How do I ignore the UTF-8 Byte Order Marker in String comparisons?

Solution 1:

Well, I assume it's because the raw binary data includes the BOM. You could always remove the BOM yourself after decoding, if you don't want it - but you should consider whether the byte array should consider the BOM to start with.

EDIT: Alternatively, you could use a StreamReader to perform the decoding.

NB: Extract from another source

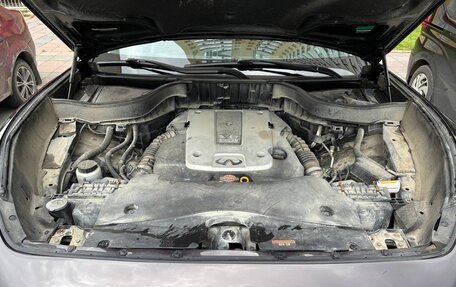 Infiniti QX70, 2014 год, 2 600 000 рублей, 3 фотография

Here's an example, showing the same byte array being converted into two characters using Encoding.GetString or one character via a StreamReader:

using System;
using System.IO;
using System.Text;

class Test
{
    static void Main()
    {
        byte[] withBom = { 0xef, 0xbb, 0xbf, 0x41 };
        string viaEncoding = Encoding.UTF8.GetString(withBom);
        Console.WriteLine(viaEncoding.Length);

        string viaStreamReader;
        using (StreamReader reader = new StreamReader
               (new MemoryStream(withBom), Encoding.UTF8))
        {
            viaStreamReader = reader.ReadToEnd();           
        }
        Console.WriteLine(viaStreamReader.Length);
    }
}

Solution 2:

There is a slightly more efficient way to do it than creating StreamReader and MemoryStream:

1) If you know that there is always a BOM

string viaEncoding = Encoding.UTF8.GetString(withBom, 3, withBom.Length - 3);

2) If you don't know, check:

string viaEncoding;
if (withBom.Length >= 3 && withBom[0] == 0xEF && withBom[1] == 0xBB && withBom[2] == 0xBF)
    viaEncoding = Encoding.UTF8.GetString(withBom, 3, withBom.Length - 3);
else
    viaEncoding = Encoding.UTF8.GetString(withBom);